▶ _DIRECTIONS_: Starting at the line holding "Frame Tenda Alumunium" and finishing at the line holding "Kurtka Damskie Marella", transcribe the material exactly, keeping both ends but no pictures.

▶ _PROVIDED DATA_:
%%

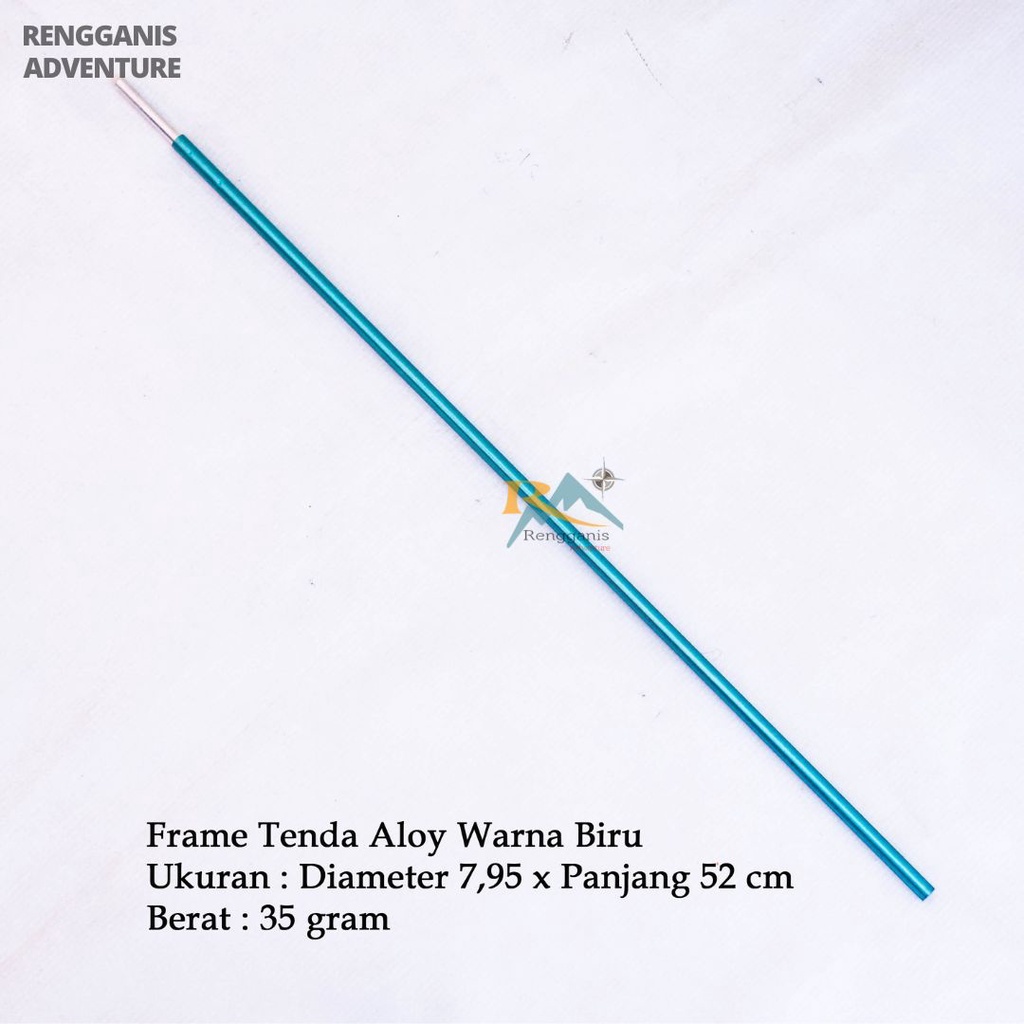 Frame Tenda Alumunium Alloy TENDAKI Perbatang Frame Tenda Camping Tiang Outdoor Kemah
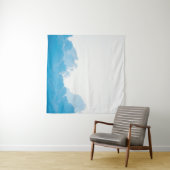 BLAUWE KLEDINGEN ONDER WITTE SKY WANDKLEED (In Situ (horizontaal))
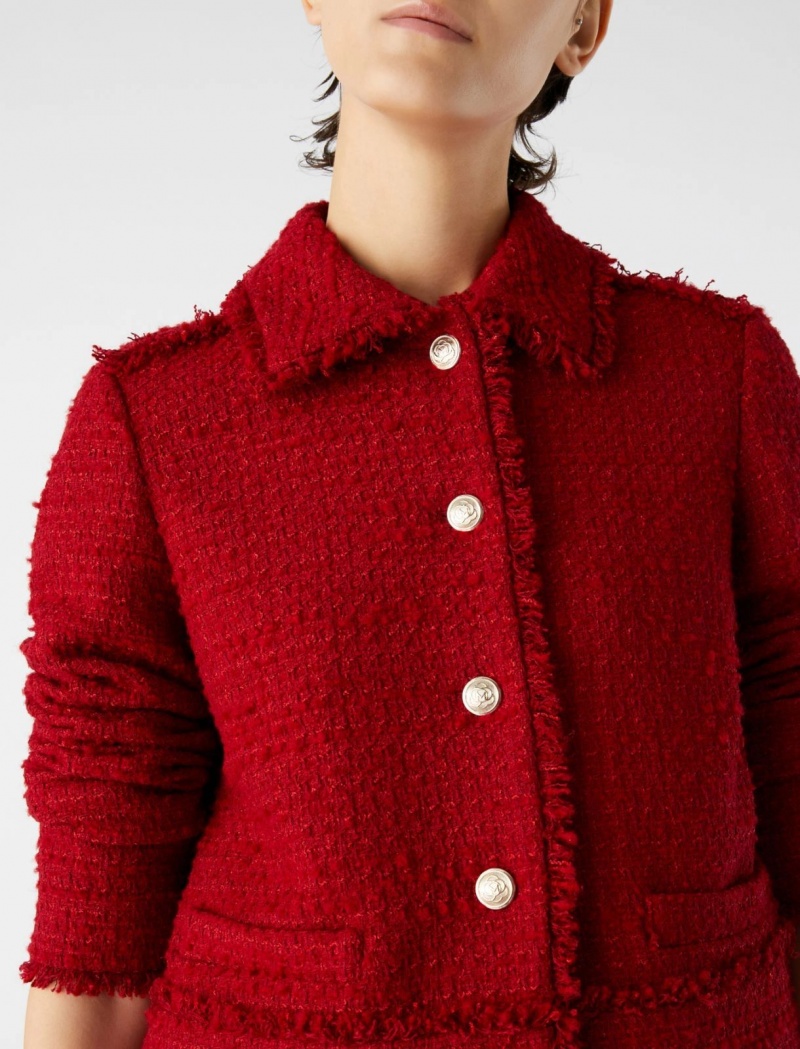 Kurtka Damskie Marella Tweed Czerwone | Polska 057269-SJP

%%
%%

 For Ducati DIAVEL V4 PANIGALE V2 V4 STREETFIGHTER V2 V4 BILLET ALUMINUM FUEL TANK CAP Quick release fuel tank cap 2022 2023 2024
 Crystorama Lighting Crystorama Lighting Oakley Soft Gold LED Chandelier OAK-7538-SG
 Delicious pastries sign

%%

▶ _TASK OUTPUT_:
 Frame Tenda Alumunium Alloy TENDAKI Perbatang Frame Tenda Camping Tiang Outdoor Kemah
 BLAUWE KLEDINGEN ONDER WITTE SKY WANDKLEED (In Situ (horizontaal))
 Kurtka Damskie Marella Tweed Czerwone | Polska 057269-SJP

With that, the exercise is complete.